Not every outage needs to become a disaster. We live in an era where resilient engineering has become the norm for mission-critical systems and applications. MTDC vendors across the globe host mission-critical applications, and they partner with their customers to effectively manage the risk of outages.

Recently, AWS made the news as packets within its network were being dropped, causing some customers to lose effective processing capability. In September, some customers of The Go Daddy Group were affected by an outage. In June, customers of large and small MTDC vendors were at risk in the mid-Atlantic when severe storms disrupted both power and telecommunication lines.

The key point is that not all customers were affected. In conversation with MTDC vendors large and small, the trend they see across their customer base is the trend toward engineering resilient configurations to help ensure continuous operation.

Redundant power helps to ensure continuous operation when an outage occurs from one power feed; redundant networks help ensure alternate paths out of the datacenter when an outage occurs on one carrier. Storage and server replication help to anticipate that processing from an alternate location seamlessly satisfies application demands when a primary location experiences a failure. In each example cited, an outage occurs and processing continues; redundant engineering becomes an appropriate technology investment based on the BIA and risk assessment. In these examples, organizations have planned for an outage effectively.

Service Level Agreements Are Not Engineering Tools

A common misconception is that service level agreements offered by vendors ensure system availability.
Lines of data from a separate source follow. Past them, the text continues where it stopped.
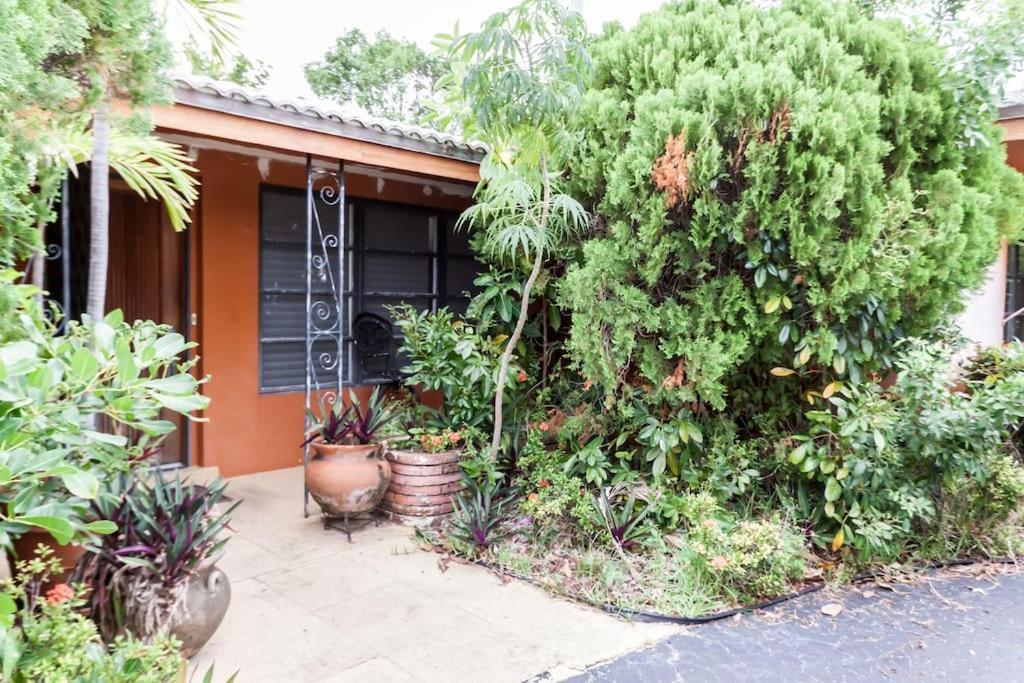 פומפנו ביץ' Comfortable Home, 7 Min Walk To Beach, Hot Tub, מראה חיצוני תמונה
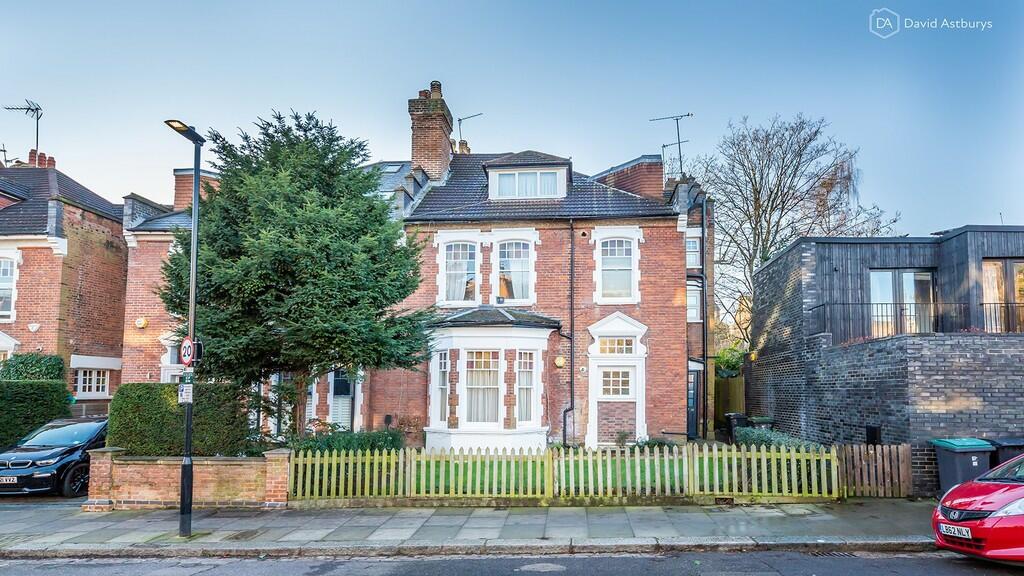 1 bedroom apartment for sale in Clifton Road, Crouch End N8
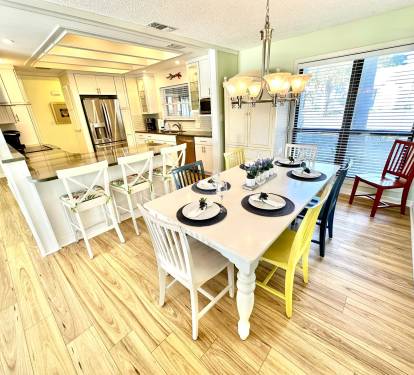 Dining area for 8
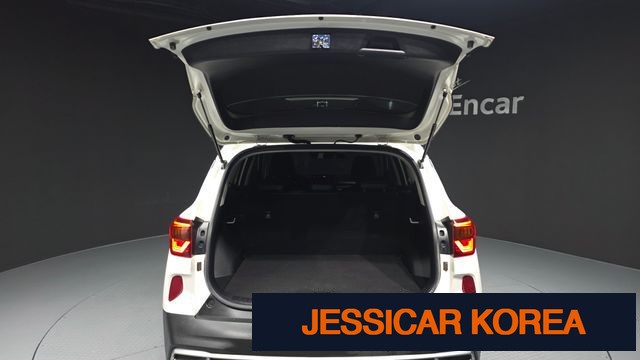 2021 Kia Seltos - Thumbnail 19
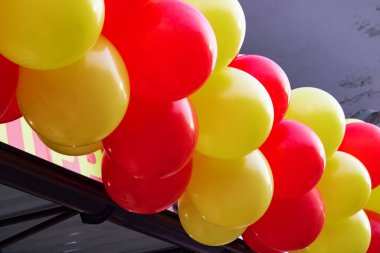 Binada sarı ve kırmızı balonlar var.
By themselves, SLAs are not engineering tools that guarantee availability, but rather they stand as commercial agreements that provide for recourse when an outage occurs. Whether an SLA offers 99.5% or 100% availability is simply a measure of the business risk a vendor is willing to assume. With that in mind, the higher the availability SLA, the more likely it will be that the vendor has established procedures that improve operational availability.

It is incumbent upon MTDC vendors to expect questions concerning how they meet any SLA thresholds, and to anticipate buyers’ interest in understanding the underlying operational and business procedures that support high levels of availability.

Similarly, it is incumbent upon the customer when contracting for MTDC services to take the time to engineer reasonable configurations to meet their availability goals. A single colocation facility may be sufficient for an application that can tolerate occasional downtime, and that may be protected by disaster-recovery procedures to restore operations within 12-24 hours. For mission-critical applications, which demand less downtime – or with the goal of zero downtime – then at a minimum the application configuration calls for multiple sites, engineered with appropriate levels of storage and server replication to permit continuous operation in the face of an outage affecting one location. For certain life-or-death or ‘bet-the-business’ applications, prudent risk mitigation may call for more than two processing locations to allow for the potential cascading effect of failures.

T1R Take

It’s a fact that both enterprise and MTDC systems will experience outages. When the news reports are announcing the outage, it doesn’t matter whether the root cause was Mother Nature or human error; what matters most at that time is whether each customer, in conjunction with its trusted vendors, has planned for failures with appropriate levels of resilience engineered into its systems.

Failure to plan for outages is planning to fail.”